BD.5369
19 april 1952
God neemt de zorg voor aardse zaken op zich
Ik zorg voor het lichamelijke welzijn, als u het geestelijke
welzijn nastreeft, dat zin en doel is van uw leven op aarde. Ik heb u
deze belofte gegeven, dat Ik u wil bedenken met alles wat u nodig hebt,
als u maar mijn rijk zoekt en zijn gerechtigheid. Als u ernaar streeft
voor mijn ogen rechtvaardig te leven en voor uw ziel de graad van rijpheid
te verwerven, die haar het recht geeft om het lichtrijk binnen te gaan.
En Ik houd Mij aan mijn woord. Ik zorg als een vader voor uw aardse leven,
omdat Ik deze zorg wel op me kan nemen, maar niet vanuit de volheid van mijn macht uw positieve ontwikkeling bevorderen kan, waarvoor uw vrije
wil voorwaarde is.
Maar u moet niet door aardse zorgen gehinderd worden bij het geestelijk
streven. U zult u volkomen zorgeloos alleen aan uw geestelijke taak moeten
kunnen toewijden.
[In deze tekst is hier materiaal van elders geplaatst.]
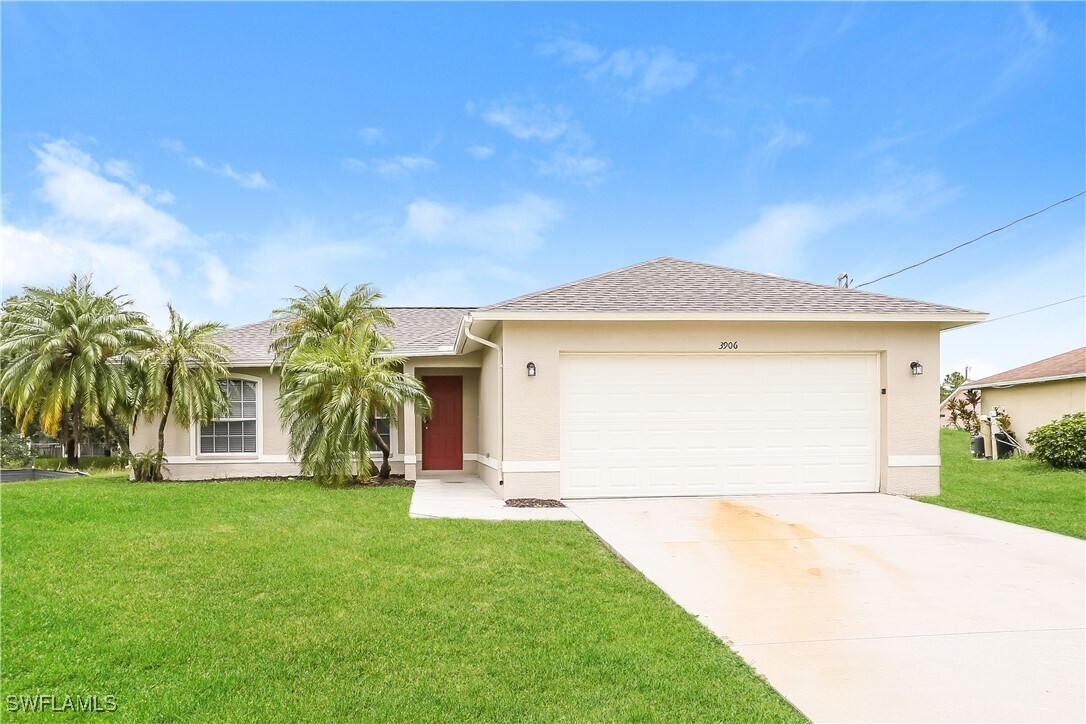 Foto principal - 3906 12th St W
Daarom zult u vol vertrouwen elke aardse zorg aan Mij
kunnen overlaten. Ik wil ze voor u dragen. Ik wil u helpen in elke aardse
nood. Ik wil als liefdevolle Vader voor mijn kinderen alles doen wat voor
hen het aardse bestaan draaglijk maakt. Ik wil u bedenken met spijs en
drank, met kleding en woning. Ik wil u gezondheid geven voor lichaam en
ziel. En niets zal u ontbreken, als u maar uw best doet de taak van uw
aardse bestaan te vervullen, voortdurend de vorming van uw wezen tot liefde
na te streven en daardoor dichter bij mijzelf als uw Vader van eeuwigheid
te komen.
Wie Mij tracht te winnen schenk Ik mijzelf en nog alles erbij wat hem
gelukkig maakt. Maar op aarde moet hij zijn wil bewijzen, zijn liefde
voor en zijn verlangen naar Mij. Hij moet leven naar mijn wil. Hij moet mijn geboden nakomen, die alleen liefde eisen voor Mij en voor de naaste.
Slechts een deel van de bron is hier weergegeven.